*What you need to do:*
Apart from the images, the entire listing below must be restated word for word.

Records for this task Start Marker

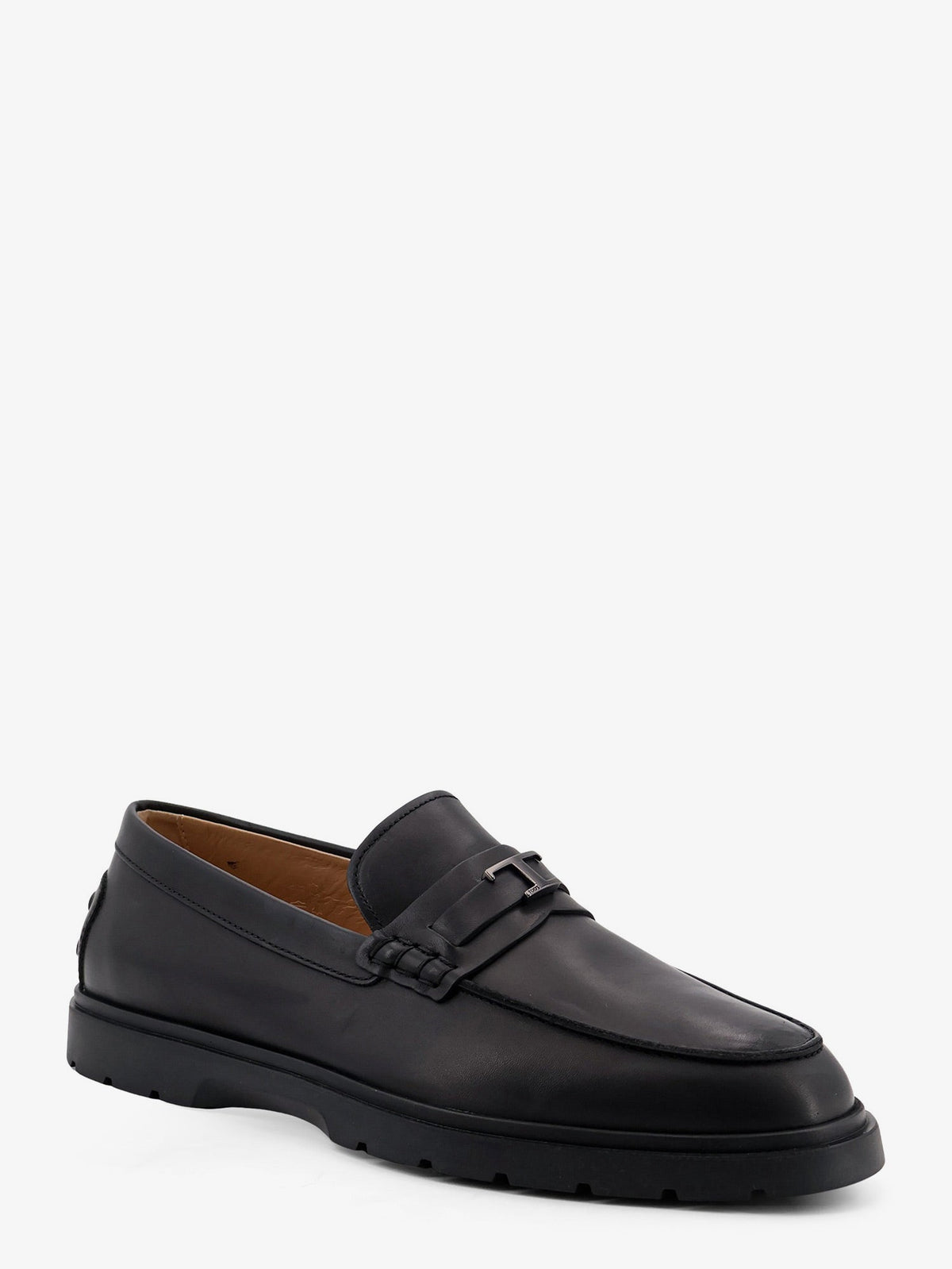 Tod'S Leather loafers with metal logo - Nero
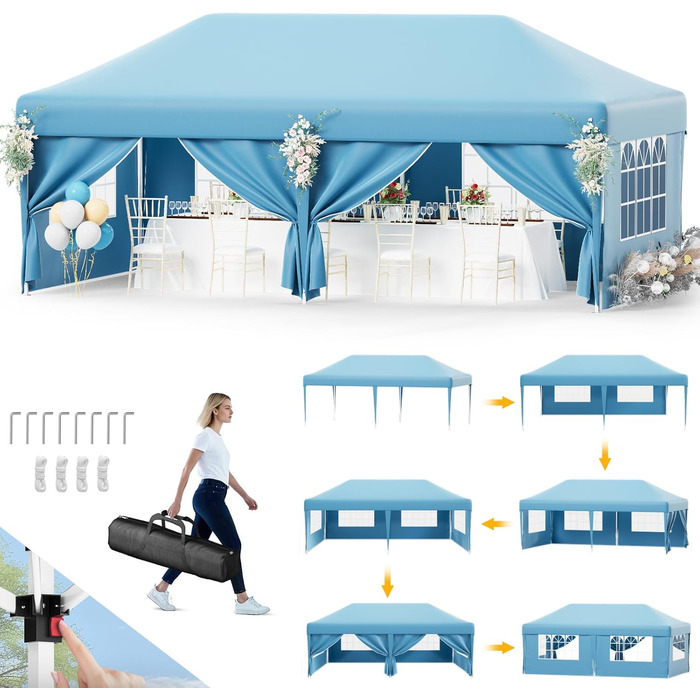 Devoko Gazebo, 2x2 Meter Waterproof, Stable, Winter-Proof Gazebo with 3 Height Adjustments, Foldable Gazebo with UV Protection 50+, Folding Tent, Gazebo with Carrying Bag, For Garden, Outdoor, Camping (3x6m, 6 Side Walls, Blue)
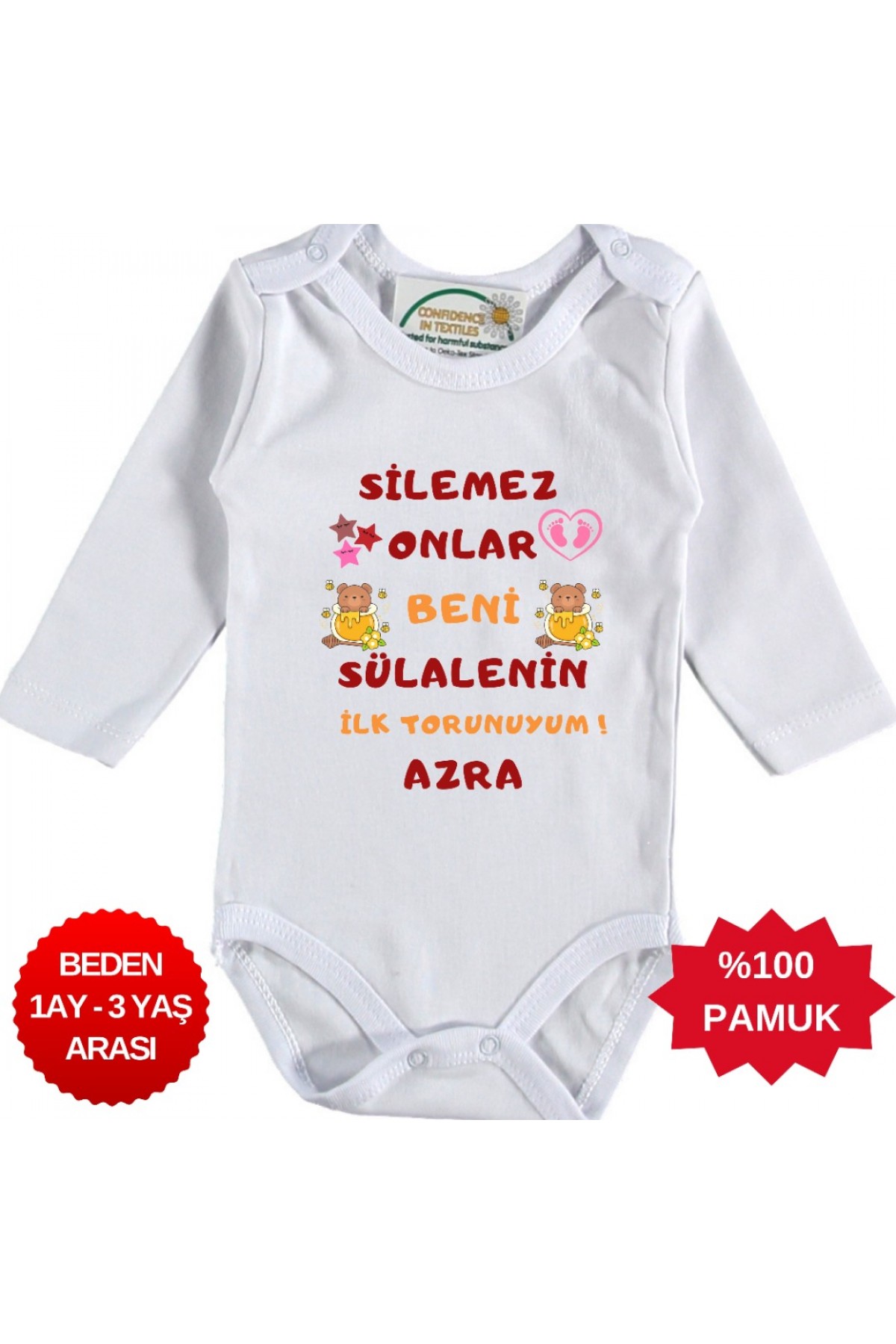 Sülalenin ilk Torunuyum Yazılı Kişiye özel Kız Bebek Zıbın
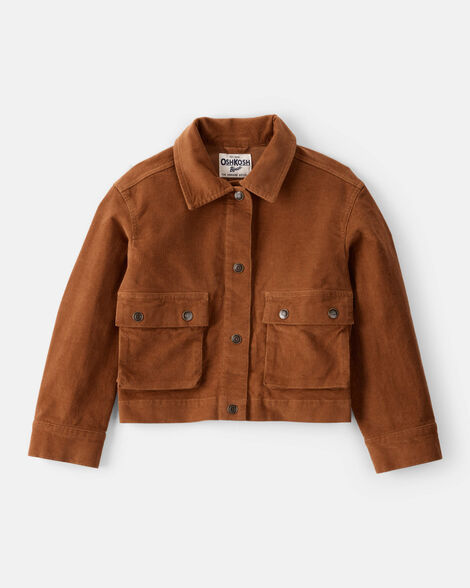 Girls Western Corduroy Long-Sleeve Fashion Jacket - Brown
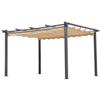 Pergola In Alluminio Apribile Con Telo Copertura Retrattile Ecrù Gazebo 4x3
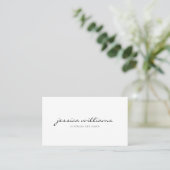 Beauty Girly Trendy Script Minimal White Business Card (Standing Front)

Records for this task End Marker

*Completed exercise:*
 Tod'S Leather loafers with metal logo - Nero
 Devoko Gazebo, 2x2 Meter Waterproof, Stable, Winter-Proof Gazebo with 3 Height Adjustments, Foldable Gazebo with UV Protection 50+, Folding Tent, Gazebo with Carrying Bag, For Garden, Outdoor, Camping (3x6m, 6 Side Walls, Blue)
 Sülalenin ilk Torunuyum Yazılı Kişiye özel Kız Bebek Zıbın
 Girls Western Corduroy Long-Sleeve Fashion Jacket - Brown
 Pergola In Alluminio Apribile Con Telo Copertura Retrattile Ecrù Gazebo 4x3
 Beauty Girly Trendy Script Minimal White Business Card (Standing Front)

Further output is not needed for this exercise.